As the density of available receptors is low, the importance of the specific activity (i.e., the ratio of the radioactive tracer in regard to its non-radioactive part) increases as to avoid risks of saturation of the receptor population by the non-radioactive MK-7246. However, given the low doses expected for administration, we predict a negligible occupancy of GPR44 in the pancreas, and thus, no measurable pharmacological effect. Consequently, [¹⁸F]MK-7246 at a microdose level is likely to be a safe compound for repeated PET imaging in humans.

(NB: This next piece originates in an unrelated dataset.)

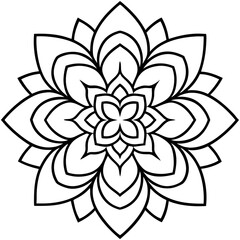 Boho Mandala Heart Line Art for Design Projects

[¹⁸F]MK-7246 presents several potential advantages for in vivo PET imaging of GPR44 compared to a [¹¹C]MK-7246 isotopologue. Both analogues demonstrated optimal imaging contrast 60 min after administration, but at that time point, [¹⁸F]MK-7246 will have more remaining counts in the tissue, whereas three half-lives would have already passed for [¹¹C]MK-7246. Counts above background will likely be especially important for targets with low density in tissue, e.g., dispersed beta cells in the pancreas. Additionally, the Fluorine-18 nuclide has intrinsically higher spatial resolution compared to Carbon-11 due to lower energy, and hence, shorter positron range. This may be a crucial advantage for the pancreas, which is an oblong organ with a diameter of only a few centimeters. Given that the resolution of modern clinical PET scanners is in the range of 4–5 mm, optimal resolution will minimize spillover and partial volume effects that could influence quantification. However, [¹⁸F]MK-7246 clearly has a more challenging dosimetry profile than [¹¹C]MK-7246 due to its longer radioactive half-life, which may be an important factor when considering PET imaging in vulnerable populations such as young adults or even children. On the other hand, this same property will enable facile logistics and the distribution of [¹⁸F]MK-7246 between PET sites, potentially increasing availability.

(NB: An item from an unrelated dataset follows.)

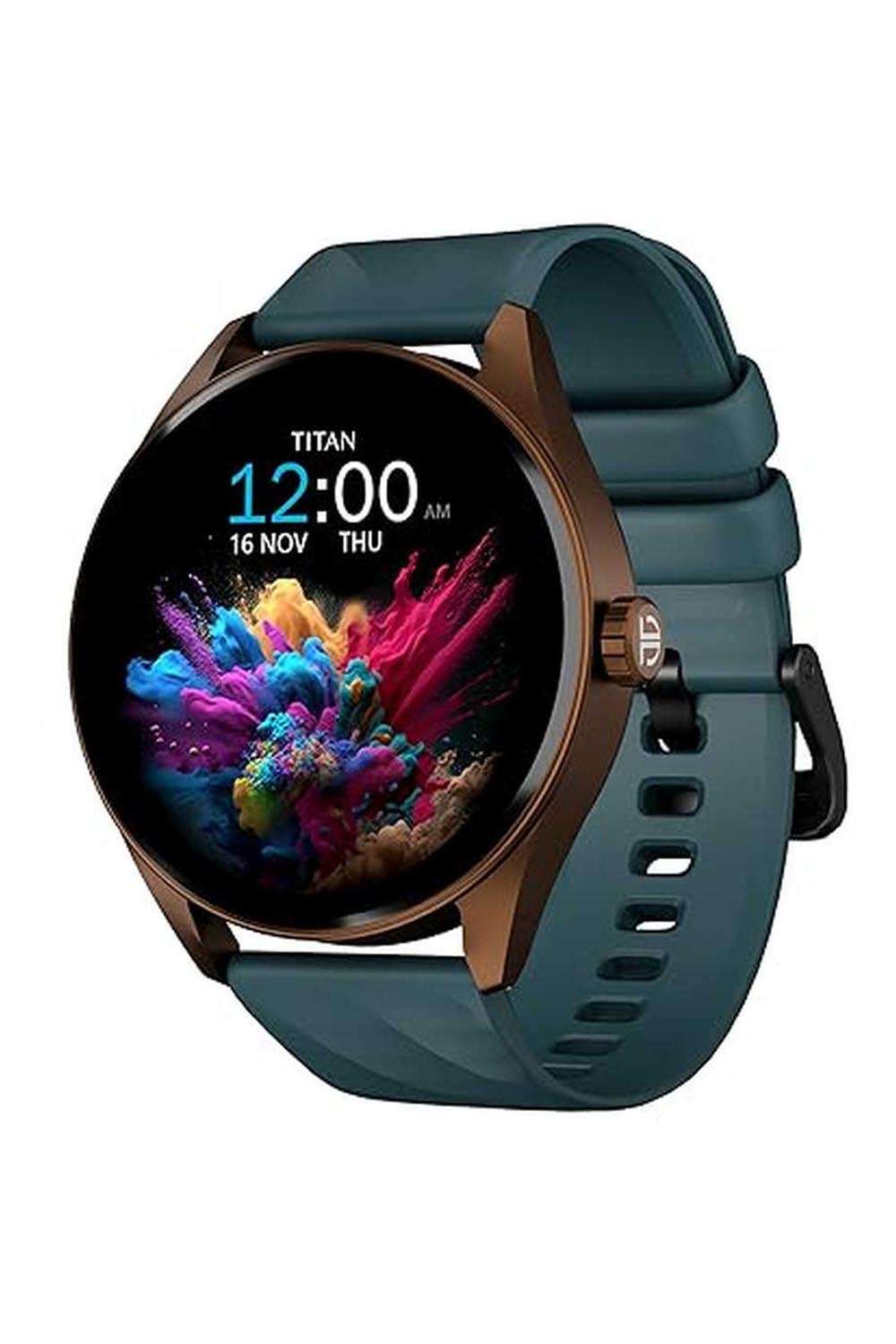 Crest-Unisex-47.2-mm-Smart-Watch---Teal-Silicone-Strap-(90197AP03K)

The close anatomical proximity of the liver and intestines with the pancreas could potentially pose a spill-in issue, thus, highly impairs the possibility of native beta-cell imaging. However, the distance between the pancreas and the liver or kidneys will be significantly larger in humans. Therefore, only parts in very close proximity may be subject to spill-in. The issue is mostly prevalent in smaller animals such as rodents (<300 g) and non-human primates (5 kg), but much less significant in larger animals such as pigs (30 kg) or humans (80 kg). Future studies with a GMP-compliant production method of MK-7246 in addition to clinical evaluations would further assess those risks. The use of [¹⁸F]MK-7246 for insulinoma PET imaging could be potentially considered, but no data are currently available regarding the GPR44 expression on insulinoma cells [22].

5. Conclusions

We have described a robust synthesis and radiolabeling method for producing [¹⁸F]MK-7246, an antagonist to GPR44, a receptor protein expressed specifically on the beta cells within the pancreatic islets. Subsequent preclinical in vitro and in vivo assessments underlined the strong affinity and selectivity of [¹⁸F]MK-7246 towards GPR44. Additionally, [¹⁸F]MK-7246 exhibited excellent metabolic stability with a fast clearance profile from blood and tissues, thus offering a low non-specific signal, better contrast and an overall safe dosimetry profile suitable for repeated PET scans. The results from this study support the further development of [¹⁸F]MK-7246 for the in vivo PET imaging of BCM.